Receber uma mensagem que nos acorda é bom, não a parte de nos acordar, mas a parte de acordar com alguém a lembrar-se de nós. Mas não, não concordo contigo, deitar cedo e cedo erguer não dá saúde e faz crescer... Dá sono! Muito. Porque deitar cedo não é adormecer cedo, e levantar cedo é sempre acordar quando se dorme melhor.... E fico cá a pensar que quem mandou a mensagem não deve ser uma "ronha person" e isso não é bom, não... Mensagens para acordar é.  Está a modos que meio empatado, portanto.

Bom Dia
... Boa Noite.

[frase, das (muito) boas de "A Trégua"]

"Porque desta vez falei-lhe com toda a franqueza; o tema casamento foi discutido até à exaustão. «Antes de virmos para aqui, para o apartamento, eu apercebi-me de que, para ti, era penoso pronunciar essa palavra. Um dia, disseste-a, à entrada de minha casa, e tens toda a minha gratidão pelo facto de a teres dito. Serviu para que eu me decidisse a acreditar em ti, no teu carinho. Mas não podia aceitá-la, porque teria sido uma base falsa para este presente, que nessa altura era futuro. Ao aceitá-la também teria tido de aceitar que tu te submetesses, que te obrigasses a uma decisão para a qual ainda não estavas preparado. Em contrapartida, submeti-me eu, mas como é lógico, posso estar mais segura das minhas reacções do que das tuas.

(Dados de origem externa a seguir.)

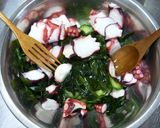 決定版！タコときゅうりとわかめの酢の物作り方3写真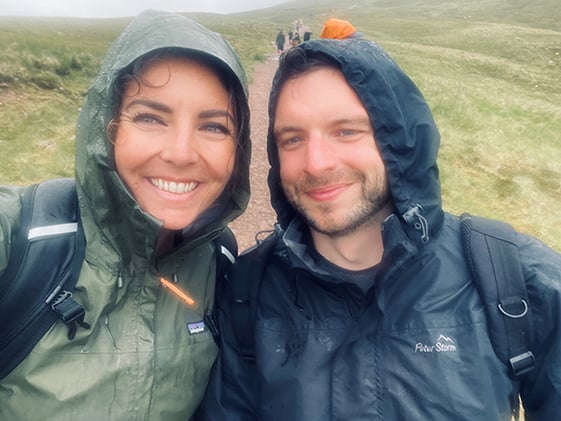 Three Peaks Conquered For The Pilgrims Hospices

Eu sabia que, mesmo submetendo-me, não te guardaria rancor. (...) Por isso te digo que agora não tenho a certeza de que o casamento seja a nossa melhor solução. O que é importante é que exista algo que nos una; esse algo existe, não é verdade? Ora bem, não te parece mais poderoso, mais forte, mais bonito que aquilo que nos une seja isso que existe verdadeiramente e não uma simples formalidade (...) E, finalmente há o teu medo do tempo, de envelheceres e eu olhar noutra direcção. Não sejas tão melindroso. Aquilo de que eu mais gosto em ti é algo que o tempo não será capaz de te tirar.»"

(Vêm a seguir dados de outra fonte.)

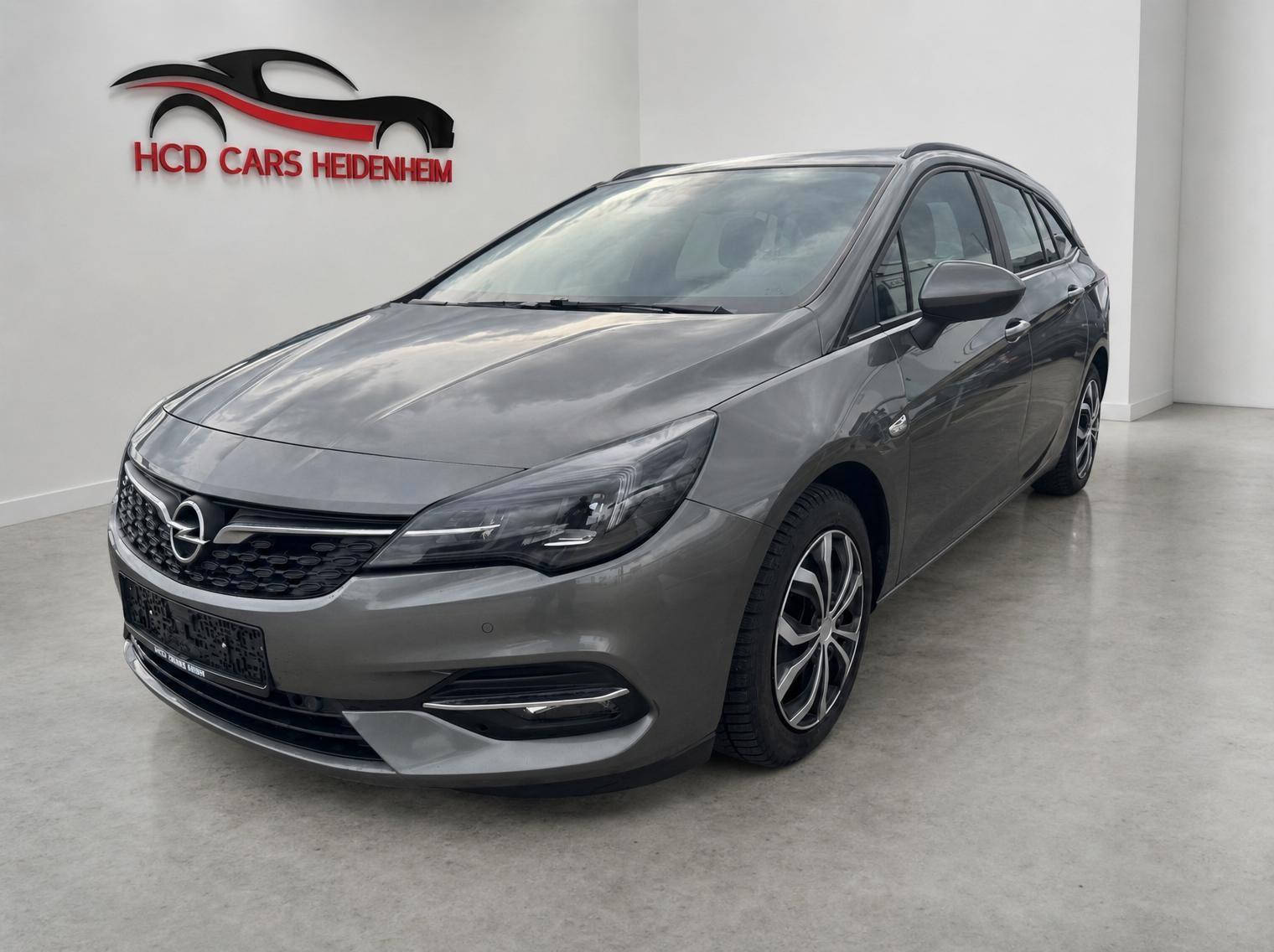 Opel Astra K 1,5 CDTI- KLMTR/SHZ/MFL/PDC/TEMP/LED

Mario Benedetti, in A Trégua


"(...) ao aceitá-la também teria tido de aceitar que tu te submetesses, que te obrigasses a uma decisão para a qual ainda não estavas preparado. Em contrapartida, submeti-me eu, (...)" - esta frase foi talvez das que mais me marcou neste livro. Li, sorri, fechei o livro, percebi a sensibilidade do homem que o escreveu e o entendeu: o gesto de amor, dos mais belos e mais imperceptíveis. Acho que este pequeno grande pormenor passa ao lado de tanta, tanta gente; e este pequeno grande pormenor é amar, amar verdadeiramente. É incrível como isso passa tão despercebido, como não entendem, como quem vê de fora não percebe, que às vezes nos submetemos ao inimaginável para não submetermos, não obrigarmos, quem amamos ao que imaginamos não estarem preparados para fazer, para que, no fundo, afinal, não se submetam. Simplesmente não se submetam. E ao fazê-lo ser opção consciente, sem mágoa, sem exigência alguma, apenas por não querer provocar, ou de alguma forma forçar, uma reacção no outro que queremos que seja livre e espontânea: verdadeira. Só assim o admitimos - verdadeira -, seja qual for o tempo que precise para que nasçam em si certezas, porque só queremos alguém com a certeza genuína, que nasce por dentro, selvagem e livre, cheia de força. Só assim terá força, a força da vida que pulsa no sangue que o coração faz correr - que faz viver realmente. Provocar uma resposta não é responderem-nos, é reproduzirem o que queremos ouvir, não nos responde a nada, é uma espécie de monólogo estéril, que só contenta a quem gosta de se ouvir: quem não ama, não sabe amar. Porque quem ama só quer amar e ser amado - sentindo que ama e que é amado -, e isso nunca pode implicar submissão, a não ser ao próprio amor ("em contrapartida, submeti-me eu"...). Não se força, não se provoca, não se faz, surge, e quando surge tem a força que dá a certeza de ninguém ser obrigado a submeter-se - a não ser ao amor que os dois sentem, ou não vale de nada, não vale nada. E isto, isto que se sente assim, é uma coisa que o tempo não pode tirar, o que pode tirar - e tira certamente - é a certeza de que o outro nos deixa sempre submeter, sem nunca chegar o tempo, dentro do nosso tempo, de querer realmente ficar junto, e que "importante é que exista algo que nos una". E isso seja vivido.